11 de enero, 2019

Elisa Carrió recibió a Marcos Peña en su casa

La diputada recibió al jefe de Gabinete en su chacra de Exaltación de la Cruz, donde conversaron y delinearon estrategias para las elecciones 2019.

La diputada Elisa Carrió mantuvo un encuentro con el jefe de Gabinete Marcos Peña en su casa de Exaltación de la Cruz, que los testigos señalaron como “absolutamente cordial”.

 

 

En esa reunión, que se extendió durante poco más de dos horas, Carrió y Peña se comprometieron a “trabajar para que Cambiemos se fortalezca y siga en el poder hasta 2023”, aunque ello no implique que la diputada no marque diferencias en algunos aspectos puntuales.

 

 

Peña llegó cerca de las 16, Carrió lo esperaba acompañada por Maximiliano Ferraro, el titular de la Coalición Cívica.
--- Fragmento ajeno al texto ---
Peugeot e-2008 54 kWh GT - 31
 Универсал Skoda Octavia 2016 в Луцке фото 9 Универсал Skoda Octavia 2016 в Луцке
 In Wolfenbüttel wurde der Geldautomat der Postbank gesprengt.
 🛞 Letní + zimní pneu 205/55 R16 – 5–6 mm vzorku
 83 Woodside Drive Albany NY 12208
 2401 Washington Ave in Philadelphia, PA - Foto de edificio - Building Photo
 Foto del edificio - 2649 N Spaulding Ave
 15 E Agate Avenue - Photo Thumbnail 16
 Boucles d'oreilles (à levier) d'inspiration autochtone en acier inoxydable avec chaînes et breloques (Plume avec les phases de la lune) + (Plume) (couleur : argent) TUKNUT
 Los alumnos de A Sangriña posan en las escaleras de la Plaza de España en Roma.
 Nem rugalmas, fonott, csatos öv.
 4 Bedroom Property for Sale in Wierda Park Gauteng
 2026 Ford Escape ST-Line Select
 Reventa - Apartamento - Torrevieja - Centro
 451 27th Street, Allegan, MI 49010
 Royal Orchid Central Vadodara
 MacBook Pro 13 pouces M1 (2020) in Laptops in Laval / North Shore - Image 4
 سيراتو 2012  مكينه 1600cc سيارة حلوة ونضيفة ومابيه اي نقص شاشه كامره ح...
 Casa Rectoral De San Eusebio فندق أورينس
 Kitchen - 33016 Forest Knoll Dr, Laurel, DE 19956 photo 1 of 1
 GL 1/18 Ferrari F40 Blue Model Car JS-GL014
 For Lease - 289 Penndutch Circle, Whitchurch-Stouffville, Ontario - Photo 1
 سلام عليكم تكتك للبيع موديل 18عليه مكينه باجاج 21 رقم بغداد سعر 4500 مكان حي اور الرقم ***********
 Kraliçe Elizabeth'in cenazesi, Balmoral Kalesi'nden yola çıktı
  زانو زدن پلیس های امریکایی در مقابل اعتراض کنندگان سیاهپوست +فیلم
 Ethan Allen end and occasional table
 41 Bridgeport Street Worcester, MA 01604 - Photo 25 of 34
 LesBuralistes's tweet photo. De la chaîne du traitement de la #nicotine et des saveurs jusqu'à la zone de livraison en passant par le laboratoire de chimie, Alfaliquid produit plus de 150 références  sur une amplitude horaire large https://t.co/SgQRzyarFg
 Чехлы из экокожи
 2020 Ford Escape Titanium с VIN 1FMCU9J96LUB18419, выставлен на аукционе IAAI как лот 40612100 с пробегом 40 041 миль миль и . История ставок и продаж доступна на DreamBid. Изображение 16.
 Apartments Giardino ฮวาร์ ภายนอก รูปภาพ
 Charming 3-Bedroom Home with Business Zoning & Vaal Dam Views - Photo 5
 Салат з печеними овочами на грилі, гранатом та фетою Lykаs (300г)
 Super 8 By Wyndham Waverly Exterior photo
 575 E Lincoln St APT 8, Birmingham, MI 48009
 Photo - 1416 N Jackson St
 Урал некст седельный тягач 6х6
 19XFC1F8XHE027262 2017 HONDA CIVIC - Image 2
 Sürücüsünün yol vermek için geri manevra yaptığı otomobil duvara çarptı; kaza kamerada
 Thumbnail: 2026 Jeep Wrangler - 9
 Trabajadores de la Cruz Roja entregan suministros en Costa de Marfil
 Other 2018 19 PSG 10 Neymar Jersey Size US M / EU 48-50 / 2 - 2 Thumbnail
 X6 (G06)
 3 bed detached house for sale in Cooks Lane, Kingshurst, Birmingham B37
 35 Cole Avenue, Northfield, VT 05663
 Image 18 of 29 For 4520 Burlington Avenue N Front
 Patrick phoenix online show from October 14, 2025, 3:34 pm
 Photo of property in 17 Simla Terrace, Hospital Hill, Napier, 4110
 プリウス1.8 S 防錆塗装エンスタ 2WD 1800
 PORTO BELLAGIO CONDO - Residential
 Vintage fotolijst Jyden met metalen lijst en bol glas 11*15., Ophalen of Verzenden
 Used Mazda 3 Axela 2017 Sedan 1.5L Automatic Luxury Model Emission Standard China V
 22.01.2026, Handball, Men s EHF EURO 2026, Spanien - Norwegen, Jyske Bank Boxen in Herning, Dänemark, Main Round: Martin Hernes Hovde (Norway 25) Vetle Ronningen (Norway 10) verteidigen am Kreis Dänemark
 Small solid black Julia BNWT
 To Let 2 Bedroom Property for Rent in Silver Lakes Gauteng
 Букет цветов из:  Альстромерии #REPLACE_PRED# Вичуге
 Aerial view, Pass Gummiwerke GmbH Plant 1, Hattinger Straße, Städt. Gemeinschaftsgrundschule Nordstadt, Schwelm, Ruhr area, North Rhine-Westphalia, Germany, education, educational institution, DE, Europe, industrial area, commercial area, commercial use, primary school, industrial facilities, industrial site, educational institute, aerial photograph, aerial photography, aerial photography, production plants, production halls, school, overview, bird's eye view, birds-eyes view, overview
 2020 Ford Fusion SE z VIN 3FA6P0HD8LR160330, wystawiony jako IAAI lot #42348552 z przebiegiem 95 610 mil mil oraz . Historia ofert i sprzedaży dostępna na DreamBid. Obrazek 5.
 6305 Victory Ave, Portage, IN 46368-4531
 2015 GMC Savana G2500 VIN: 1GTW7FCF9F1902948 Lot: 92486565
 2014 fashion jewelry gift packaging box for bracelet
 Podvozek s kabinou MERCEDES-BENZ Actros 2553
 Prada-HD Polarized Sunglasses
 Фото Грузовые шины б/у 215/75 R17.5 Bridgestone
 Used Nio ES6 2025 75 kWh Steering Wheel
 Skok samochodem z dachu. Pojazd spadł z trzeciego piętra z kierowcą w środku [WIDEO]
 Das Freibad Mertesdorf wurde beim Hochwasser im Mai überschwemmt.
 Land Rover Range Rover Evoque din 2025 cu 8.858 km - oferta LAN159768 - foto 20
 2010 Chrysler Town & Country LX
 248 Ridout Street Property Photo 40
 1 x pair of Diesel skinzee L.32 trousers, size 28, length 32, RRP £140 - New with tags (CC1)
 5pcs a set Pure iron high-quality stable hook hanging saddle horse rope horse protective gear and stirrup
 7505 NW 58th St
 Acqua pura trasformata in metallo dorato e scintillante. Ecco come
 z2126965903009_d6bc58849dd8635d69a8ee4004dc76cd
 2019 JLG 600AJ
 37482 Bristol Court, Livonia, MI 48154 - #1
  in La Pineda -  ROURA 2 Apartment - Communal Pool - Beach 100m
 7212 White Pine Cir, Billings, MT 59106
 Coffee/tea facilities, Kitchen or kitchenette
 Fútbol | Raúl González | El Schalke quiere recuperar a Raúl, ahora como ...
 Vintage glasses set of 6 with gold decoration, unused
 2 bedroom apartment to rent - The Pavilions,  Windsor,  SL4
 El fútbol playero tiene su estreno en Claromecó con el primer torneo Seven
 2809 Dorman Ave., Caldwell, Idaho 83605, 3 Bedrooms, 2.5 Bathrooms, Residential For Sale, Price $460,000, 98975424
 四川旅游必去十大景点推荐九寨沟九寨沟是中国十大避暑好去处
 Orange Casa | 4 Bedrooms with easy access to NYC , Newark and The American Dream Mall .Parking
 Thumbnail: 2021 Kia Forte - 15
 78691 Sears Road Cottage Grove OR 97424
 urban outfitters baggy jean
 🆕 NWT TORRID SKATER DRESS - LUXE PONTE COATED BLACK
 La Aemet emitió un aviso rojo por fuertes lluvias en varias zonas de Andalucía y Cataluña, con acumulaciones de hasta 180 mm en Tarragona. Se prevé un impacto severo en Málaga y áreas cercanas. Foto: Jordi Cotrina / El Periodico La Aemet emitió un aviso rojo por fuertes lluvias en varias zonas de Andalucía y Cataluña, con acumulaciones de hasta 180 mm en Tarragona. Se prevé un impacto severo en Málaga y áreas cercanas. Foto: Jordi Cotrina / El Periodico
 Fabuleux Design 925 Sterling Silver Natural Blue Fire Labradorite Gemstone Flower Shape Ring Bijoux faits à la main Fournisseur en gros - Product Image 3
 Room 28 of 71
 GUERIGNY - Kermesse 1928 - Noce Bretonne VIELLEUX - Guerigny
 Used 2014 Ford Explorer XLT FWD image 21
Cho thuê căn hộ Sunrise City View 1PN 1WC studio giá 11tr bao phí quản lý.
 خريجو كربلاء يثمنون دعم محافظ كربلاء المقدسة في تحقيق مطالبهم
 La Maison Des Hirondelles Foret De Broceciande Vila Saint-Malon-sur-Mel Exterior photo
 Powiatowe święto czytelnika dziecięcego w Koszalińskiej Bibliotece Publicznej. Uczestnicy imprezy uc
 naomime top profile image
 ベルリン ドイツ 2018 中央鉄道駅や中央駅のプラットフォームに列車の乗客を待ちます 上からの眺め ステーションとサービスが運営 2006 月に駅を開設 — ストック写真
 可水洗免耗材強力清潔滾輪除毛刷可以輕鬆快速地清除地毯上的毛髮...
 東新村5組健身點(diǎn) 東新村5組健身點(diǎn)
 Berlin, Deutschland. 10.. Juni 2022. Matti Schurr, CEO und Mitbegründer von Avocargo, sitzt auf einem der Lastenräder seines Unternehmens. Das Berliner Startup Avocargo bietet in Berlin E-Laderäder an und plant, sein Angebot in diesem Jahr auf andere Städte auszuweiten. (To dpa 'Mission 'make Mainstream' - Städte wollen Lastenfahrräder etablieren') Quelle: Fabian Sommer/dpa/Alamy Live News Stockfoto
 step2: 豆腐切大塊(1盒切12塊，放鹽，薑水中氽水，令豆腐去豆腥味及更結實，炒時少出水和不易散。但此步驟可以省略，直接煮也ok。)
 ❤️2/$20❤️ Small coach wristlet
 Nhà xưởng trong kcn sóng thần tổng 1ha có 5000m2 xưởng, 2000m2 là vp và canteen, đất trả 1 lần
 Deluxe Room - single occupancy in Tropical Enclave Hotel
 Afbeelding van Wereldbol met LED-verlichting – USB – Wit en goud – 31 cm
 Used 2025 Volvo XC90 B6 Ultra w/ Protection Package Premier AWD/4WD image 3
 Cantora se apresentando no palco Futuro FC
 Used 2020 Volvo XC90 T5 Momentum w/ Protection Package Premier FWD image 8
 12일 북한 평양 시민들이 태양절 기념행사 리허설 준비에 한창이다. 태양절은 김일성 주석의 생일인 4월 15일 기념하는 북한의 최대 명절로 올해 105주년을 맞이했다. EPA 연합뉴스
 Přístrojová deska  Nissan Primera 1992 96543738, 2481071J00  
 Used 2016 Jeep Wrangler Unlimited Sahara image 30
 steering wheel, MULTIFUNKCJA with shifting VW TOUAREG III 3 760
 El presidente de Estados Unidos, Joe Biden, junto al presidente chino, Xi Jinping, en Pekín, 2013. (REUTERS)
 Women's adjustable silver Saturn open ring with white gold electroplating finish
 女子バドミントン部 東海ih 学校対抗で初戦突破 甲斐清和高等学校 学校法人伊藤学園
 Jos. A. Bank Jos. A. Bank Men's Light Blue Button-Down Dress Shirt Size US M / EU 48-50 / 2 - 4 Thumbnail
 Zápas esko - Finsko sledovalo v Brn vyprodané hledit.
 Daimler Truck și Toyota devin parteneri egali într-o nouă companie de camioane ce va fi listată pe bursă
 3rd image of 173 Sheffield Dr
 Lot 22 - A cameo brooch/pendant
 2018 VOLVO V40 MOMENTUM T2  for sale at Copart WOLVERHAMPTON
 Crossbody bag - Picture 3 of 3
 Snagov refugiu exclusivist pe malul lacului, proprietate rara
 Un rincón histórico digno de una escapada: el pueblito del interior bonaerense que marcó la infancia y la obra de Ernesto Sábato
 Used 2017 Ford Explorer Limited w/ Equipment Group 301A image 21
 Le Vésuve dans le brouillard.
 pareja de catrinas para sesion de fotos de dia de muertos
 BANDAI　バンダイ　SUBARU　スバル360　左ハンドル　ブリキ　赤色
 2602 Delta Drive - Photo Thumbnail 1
Café y agua amenizaron la reunión, que no tenía mensajes de Lilita en sus redes hasta las 20,30.

 

 

“Estamos todos trabajando juntos. Un beso grande y feliz Navidad!!”, había sido el mensaje conciliador enviado por Carrió en las Fiestas, llamando a los seguidores de Cambiemos a tener esperanzas en este 2019 que también se prevé dificil.

 

 

“Carrió está convencida en que hay que consolidar el cambio que estamos proponiendo, a pesar de que la situación con Mauricio Macri es pública”, dijo entonces el legislador de la Ciudad de Buenos Aires por la Coalición Cívica Hernán Reyes, adelantando las reuniones de enero como factor clave para conciliar posiciones y dejar por un momento las disputas de lado, en procura del objetivo mayor que significa conservar el poder en las elecciones de octubre.

 

 

Los roces de Carrió con el presidente Macri y con otros nombres cercanos al oficialismo entonces tendrán su capítulo en este 2019, pero tanto Peña como Carrió habrían asumido que las doferencias públicas deben acotarse en la medida posible, para que la imagen que se ofrezca de Cambiemos como fuerza gobernante aliente a pensar en continuidad y no en fragmentación.

 

 

En “A Dos Voces”, Carrió dijo que todavía no estaba prevista una reunión con Macri, como forma de cerrar las heridas que dejó el 2018, e ironizó sobre el tema comparándolo con un matrimonio.

 

 

“Yo no peleo con Mauricio, cuando sé que no tengo el control de la discusión es preferible no hablar. Es como con los maridos, es preferible no hablar porque hubiese sido contraproducente para Cambiemos. Tenemos una relación así, el sabe que a veces no tengo ganas de atenderlo y lo acepta”, sostuvo.